- Pitcher
- Born: 22 January 1988 (age 37) Geelong, Victoria, Australia
- Batted: LeftThrew: Left

MLB debut
- 24 June, 2011, for the San Diego Padres

Last MLB appearance
- 11 May, 2012, for the San Diego Padres

MLB statistics
- Win–loss record: 0–3
- Earned run average: 3.15
- Strikeouts: 41
- Stats at Baseball Reference

Teams
- San Diego Padres (2011–2012);

= Josh Spence =

Australian baseball player (born 1988)

Joshua Patrick William Spence (born 22 January 1988) is an Australian former professional baseball pitcher. He pitched in Major League Baseball (MLB) for the San Diego Padres.

==Playing career==
Spence enrolled at Central Arizona College, and played for their baseball team in 2007 and 2008. He was selected in 25th round of the 2008 draft by the Arizona Diamondbacks but did not sign. He transferred to Arizona State University to play for the Sun Devils for the 2009 season going 10–1 with a 2.37 ERA, where he joined Mike Leake and Seth Blair in the Sun Devils' starting rotation. He was selected in the 3rd round of the 2009 draft by the Los Angeles Angels of Anaheim, but did not sign. He sat out the 2010 ASU season with an undetermined injury. After the 2010 season, he played collegiate summer baseball with the Cotuit Kettleers of the Cape Cod Baseball League.

===San Diego Padres===
Spence was drafted by the San Diego Padres in the ninth round, with the 274th overall selection, of the 2010 Major League Baseball draft, and signed with them for a $100,000 bonus.
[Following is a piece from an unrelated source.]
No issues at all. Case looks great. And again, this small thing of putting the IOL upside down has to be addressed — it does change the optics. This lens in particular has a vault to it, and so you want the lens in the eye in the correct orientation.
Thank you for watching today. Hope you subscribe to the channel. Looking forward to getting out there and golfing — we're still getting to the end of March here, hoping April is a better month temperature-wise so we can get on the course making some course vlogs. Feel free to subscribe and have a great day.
He was called up by San Diego on 21 June 2011, after they designated Luis Durango for assignment to make room for him on the 40-man roster.
Spence made his debut on 25 June in the top of the ninth inning against the Atlanta Braves; he faced three All-Stars in Jason Heyward, Chipper Jones, and Brian McCann, setting them down in order. Spence became the 29th Australian to reach the Majors and first pitcher since Rich Thompson debuted for the Angels in 2007.
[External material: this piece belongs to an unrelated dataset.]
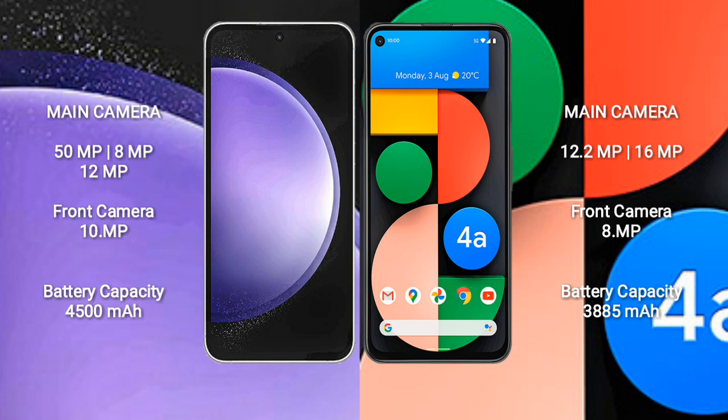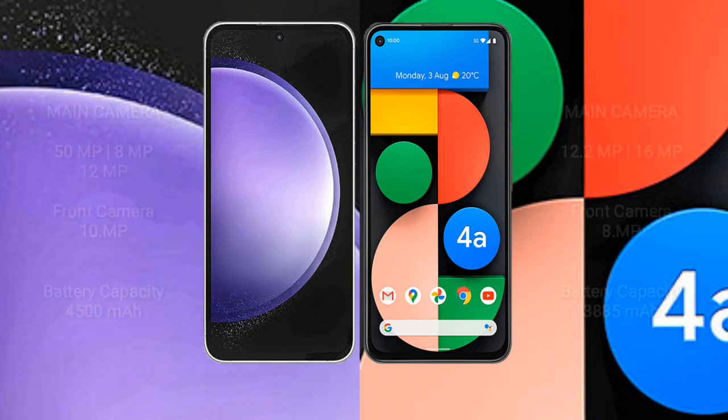Samsung Galaxy S23 FE rear cameras: 50mm, 8mm, 12mm, with a 10MP front camera. Google Pixel 4a has a dual rear camera setup: 12.2MP and 16MP, with an 8MP front camera. Samsung Galaxy S23 FE has a 4500mAh battery with 25W fast charging support. Google Pixel 4a has a 3885mAh battery with 18W fast charging support.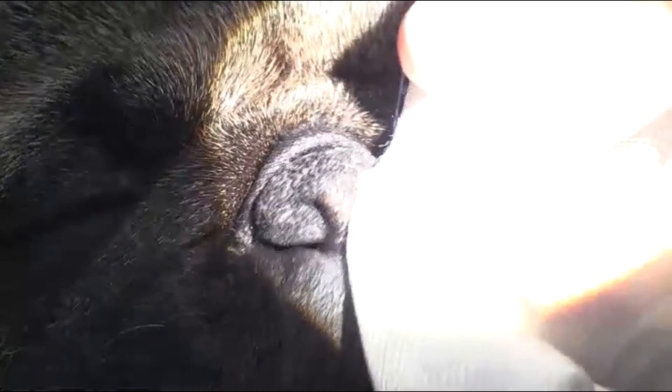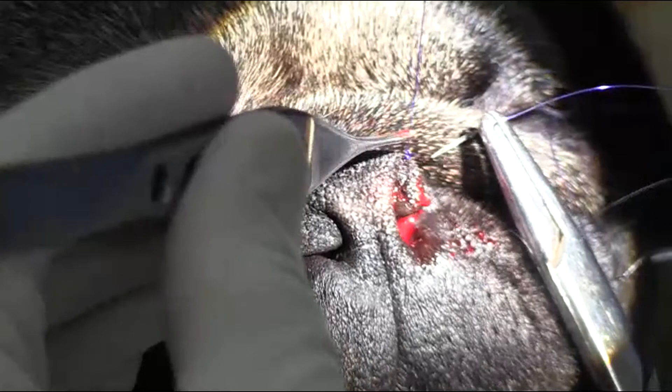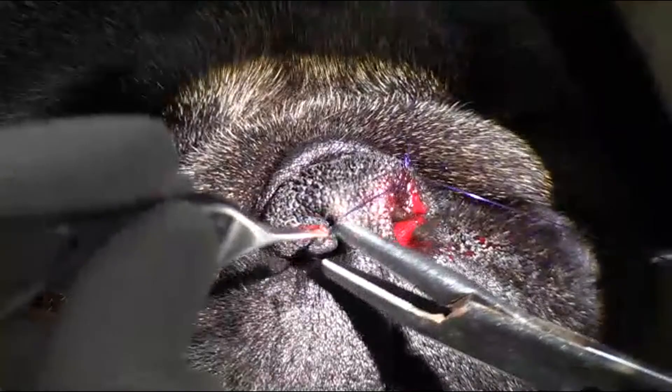We'll just do a simple continuous suture pattern. The nice thing about the stay suture is that it allows me to get quite deep into the nasal cavity, which is number one going to allow me to pull it over farther, and number two it's going to help me with hemostasis after the procedure.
Spence made 11 appearances for San Diego in 2012, recording a 4.35 ERA with 10 strikeouts across 10 1/3 innings pitched. On November 2, 2012, Spence was designated for assignment by the Padres.

===New York Yankees===
The New York Yankees claimed Spence off waivers on 6 November 2012. He was designated for assignment by the Yankees on 14 December, following the signing of Kevin Youkilis. Spence cleared waivers and was sent outright to the Triple-A Scranton/Wilkes-Barre Yankees on 18 December. In 33 appearances for Scranton in 2013, he compiled a 3.98 ERA with 41 strikeouts over 43 innings of work. Spence was released by the Yankees organization on 3 August 2013.

===Miami Marlins===
On 29 December 2013, Spence signed a minor league contract with the Miami Marlins. On 1 April 2014, he was assigned to Triple-A New Orleans Zephyrs, for whom he posted a 3.97 ERA with 12 strikeouts across 11 appearances out of the bullpen. Spence was released by the Marlins organization on 20 May.

===Amarillo Sox===
Spence signed with the Amarillo Sox of the American Association of Independent Professional Baseball following his release. In 3 starts for the Sox, he struggled to an 18.69 ERA with 3 strikeouts across 4 1/3 innings pitched.

===Windy City ThunderBolts===
Spence finished the 2014 season with the Windy City ThunderBolts of the Frontier League. In 14 starts for the team, he registered a 1-10 record and 5.23 ERA with 58 strikeouts across 75 2/3 innings pitched.

==Coaching career==
===San Diego Padres===
In 2023, Spence was hired as the pitching coach for the San Diego Padres short season affiliate

===Milwaukee Brewers===
In 2024, Spence was hired as the pitching coach for the Wisconsin Timber Rattlers, the High-A affiliate of the Milwaukee Brewers. On 5 February 2025, Spence was announced as the pitching coach for Milwaukee's Double-A affiliate, the Biloxi Shuckers.

==Pitching style==
Spence is a finesse pitcher, relying on pitch location and movement rather than overpowering speed. His two main pitches are a sinker averaging about 84 mph and a slider averaging 78. He also has a changeup at 76-77 mph that he uses often against right-handed hitters.

==Personal life==
Spence's brother, Liam, played college baseball at Tennessee and was selected by the Chicago Cubs in the fifth round of the 2021 Major League Baseball draft. Their middle brother, Nic, played baseball at Cincinnati.